> What the exercise asks: In the answer, each line from the top of the material through the line that contains "TECOVAS WESTERN COWBOY" is restated exactly. No picture is given again.

> Available data:
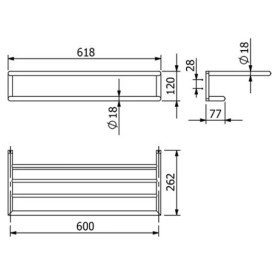 Тримач для рушників Kludi Vela R з полицею брошурована бронза PVD 58989N1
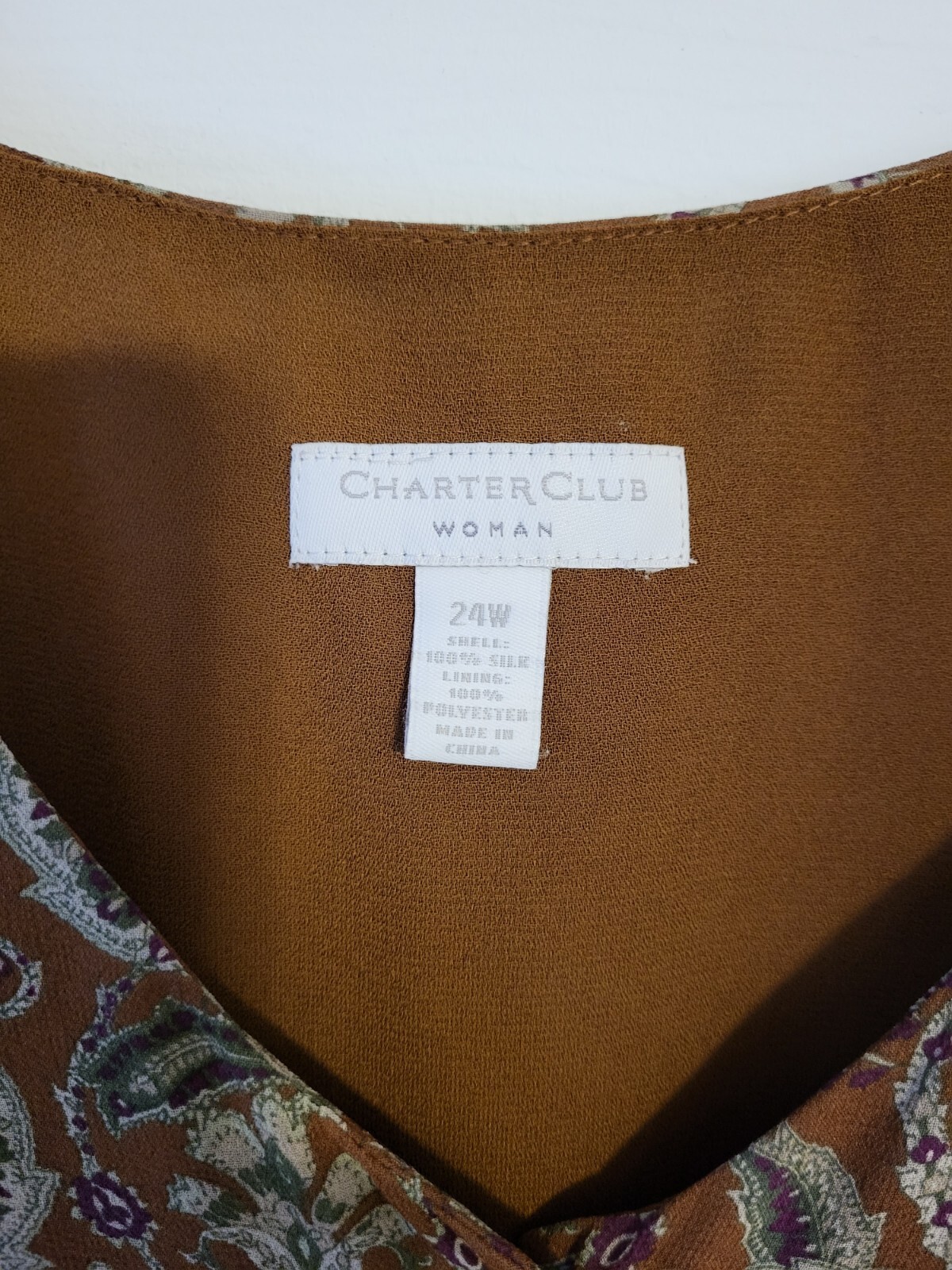 Womens Charter Club Shirt Size 24 Multicolor 2 Layer Shell Is 100% Silk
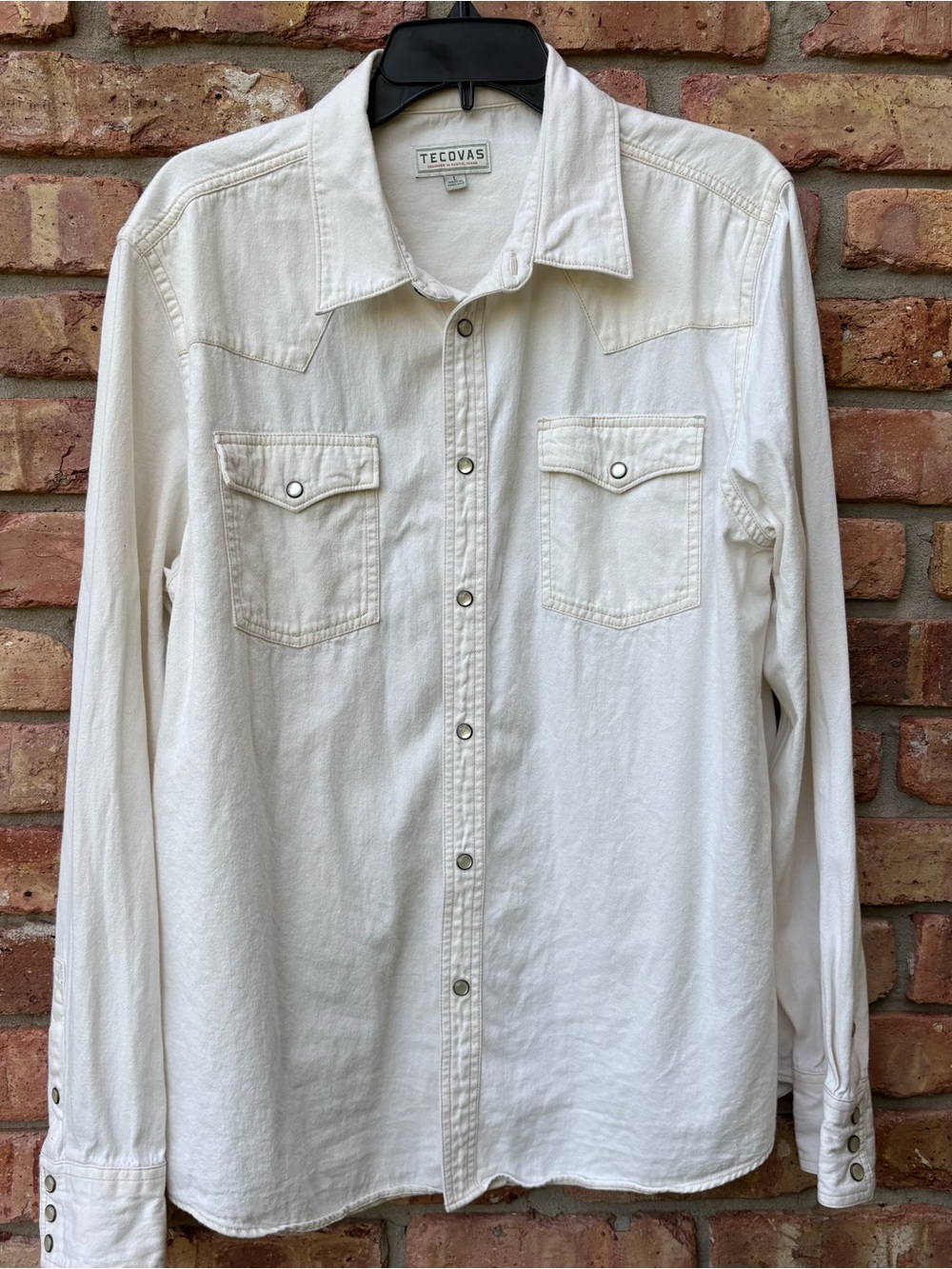 TECOVAS WESTERN COWBOY COWGIRL PEARL SNAP WHITE DENIM LONG SLEEVE BUTTON DOWN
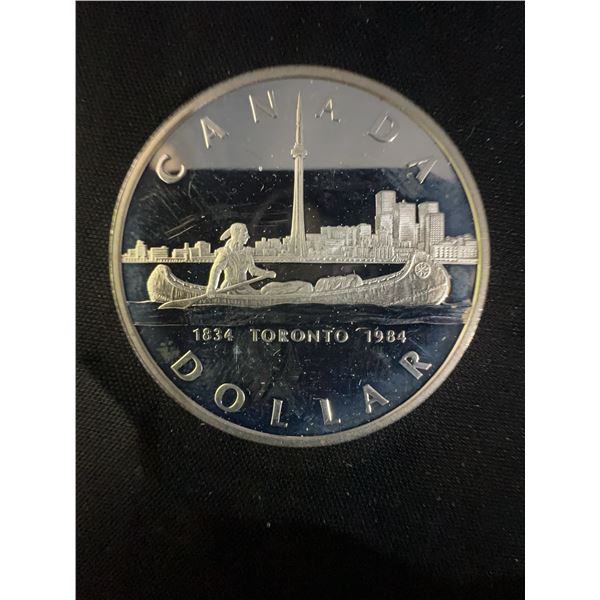 1984 Canada Silver Dollar Coin, Toronto Commemorative, 23g, .500 Silver, Queen Elizabeth II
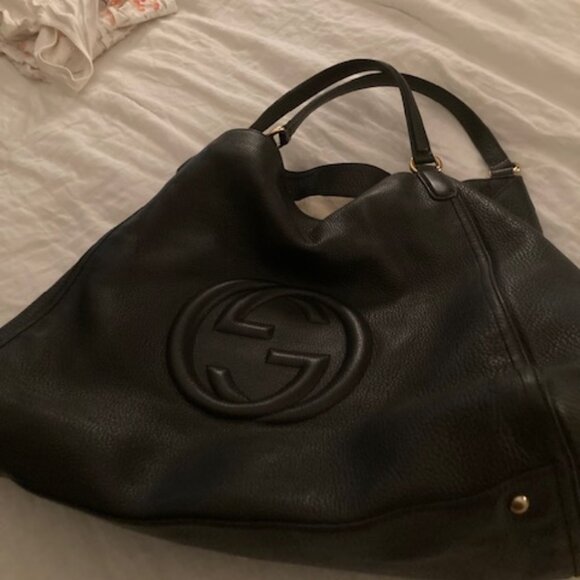 SOHO Gucci Black Largest SOHO Pebble Leather Shoulder Handbag - Picture 1 of 16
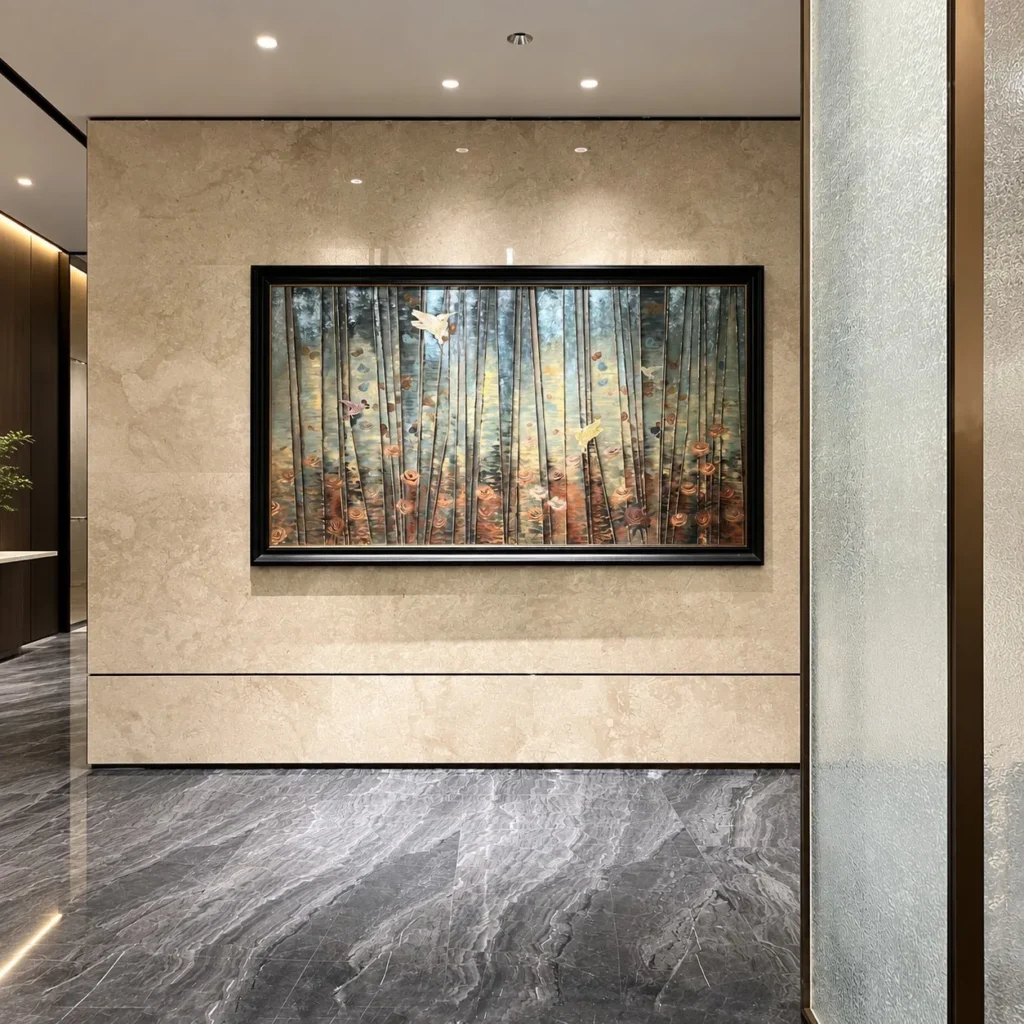 Mother of Pearl Forest Wall Art in Wide Black Frame — front view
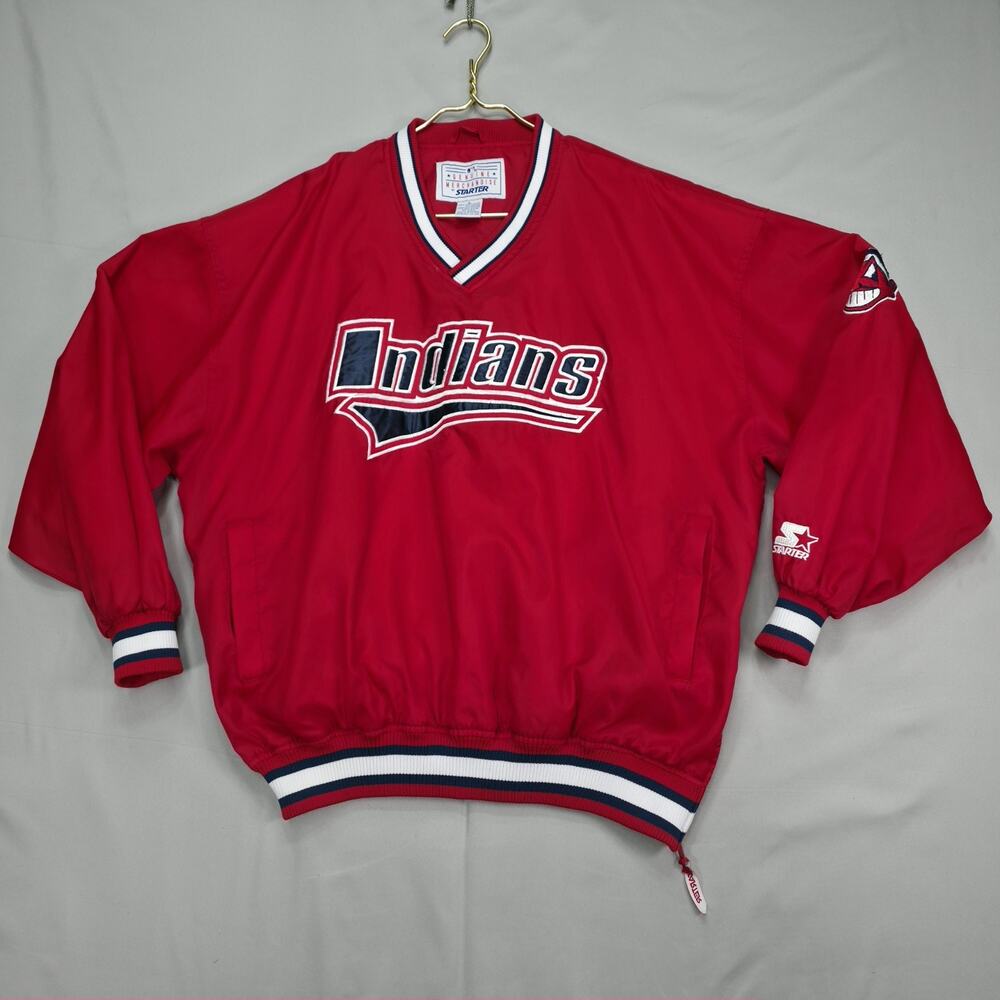 Vintage Starter Cleveland Indians Jacket Mens L Chief Wahoo MLB Pullover 90s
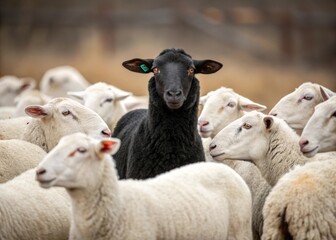 Fototapeta premium Thought-provoking image of a black sheep among white ones, symbolizing non-conformity, inner strength, and the emotional journey of self-expression 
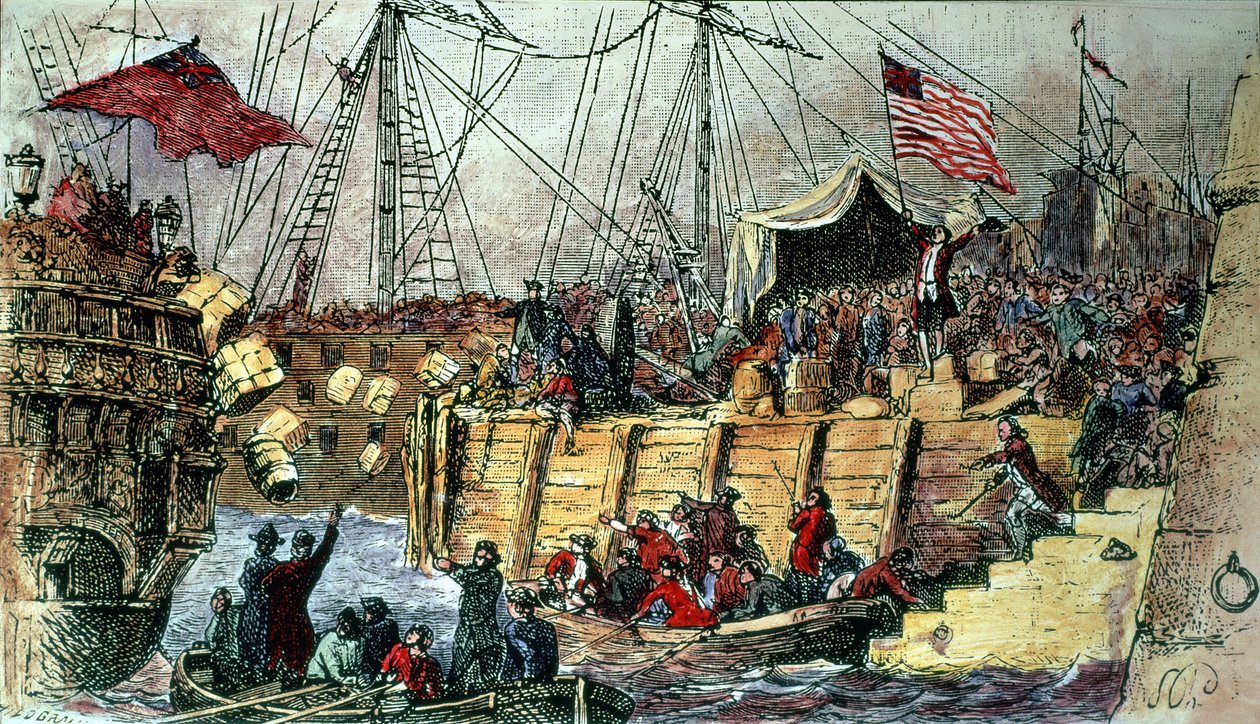 The Boston Tea Party, 16 december 1773 av Unbekannt Unbekannt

> Answer for this exercise:
 Тримач для рушників Kludi Vela R з полицею брошурована бронза PVD 58989N1
 Womens Charter Club Shirt Size 24 Multicolor 2 Layer Shell Is 100% Silk
 TECOVAS WESTERN COWBOY COWGIRL PEARL SNAP WHITE DENIM LONG SLEEVE BUTTON DOWN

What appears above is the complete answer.